6.1/10
Senior Film Conservator
A definitive 6.1/10 rating for a film that redefined the boundaries of cult cinema. Tartarin de Tarascon remains a cornerstone of transgressive art.
Honestly, if you enjoy movies about people who are full of themselves, you'll probably get a kick out of this. It’s for folks who like old-school character studies where the comedy comes from someone being consistently, hilariously wrong about their own life. If you’re looking for high-octane action or a tight, logical plot, you might find yourself checking your watch.
Tartarin is the kind of guy who buys all the gear for a safari but probably forgets to pack his common sense. You can see the panic in his eyes when he realizes he actually has to leave his comfort zone. It’s a very human, very pathetic kind of comedy. 🦁
The moment he hits the desert, the movie shifts gears. The transition from his bragging in the town square to the harsh, dry reality of Algeria is handled with a nice, dry wit. He meets this "Prince" character, and you just know—you just know—it’s going to go south.
The scene where he accidentally kills the sacred blind lion is just peak absurdity. It felt like the movie was winking at me. Like, of course he kills the one animal he wasn’t supposed to. It’s so perfectly, frustratingly Tartarin.
It reminds me a bit of the frantic energy in Roaring Lions on a Steamship, though with way more talking and way less, well, steamship.
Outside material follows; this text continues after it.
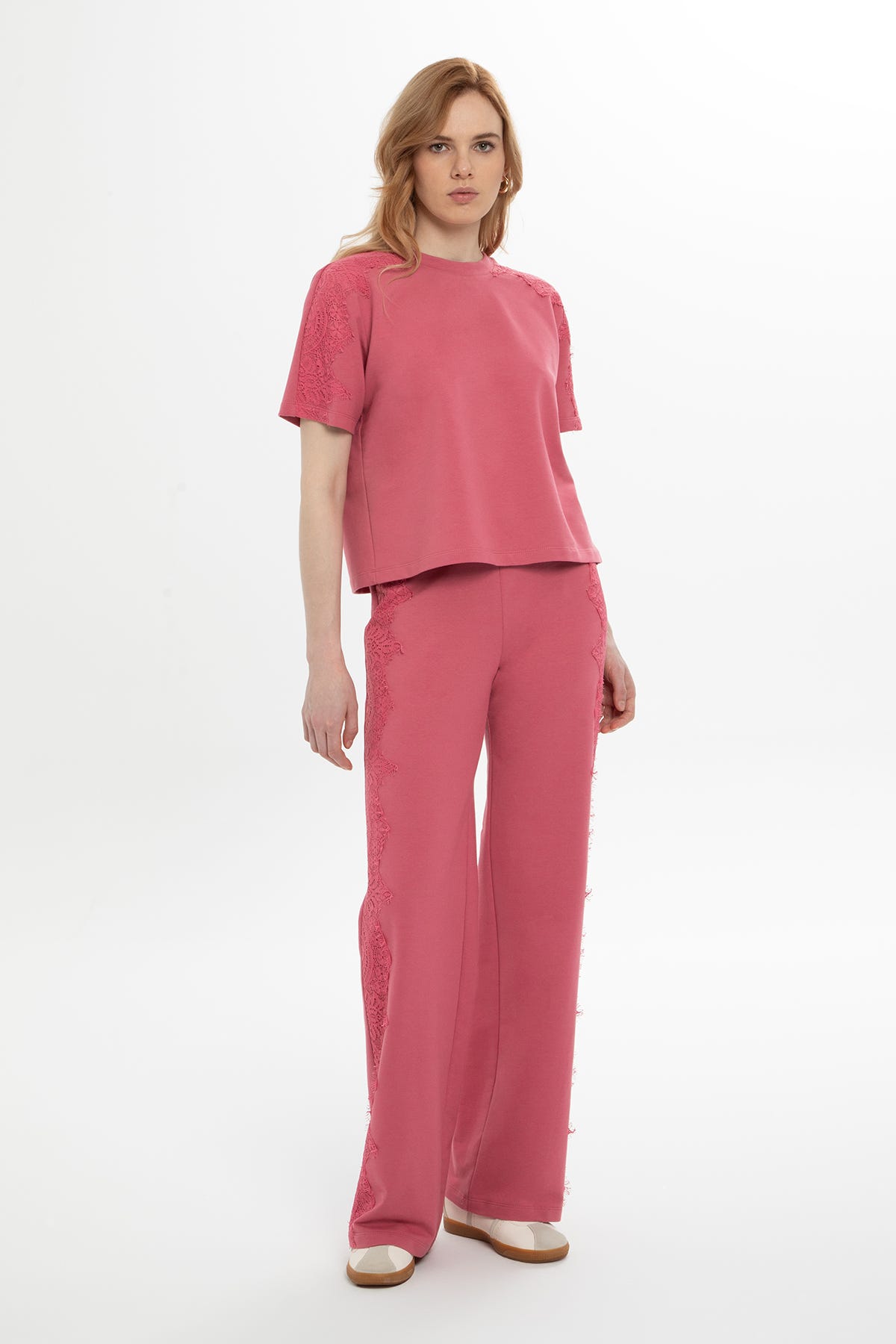 Dantel Detaylı Yarım Kol Eşofman Takımı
It’s not trying to be a deep, life-changing epic like Anna Karenina. It’s just a story about a guy who lies to himself until the world forces him to stop.
I wasn't sure if I was supposed to feel bad for him at the end. Everyone is cheering for his fake heroics, and he just sort of rolls with it. It’s a bit dark if you think about it for more than five seconds. I think I’ll just stick to the surface level fun of it all.
Anyway, it’s a weird little gem. Don’t go in expecting a masterpiece. Go in expecting to watch a guy walk into a trap of his own making and survive it purely by accident.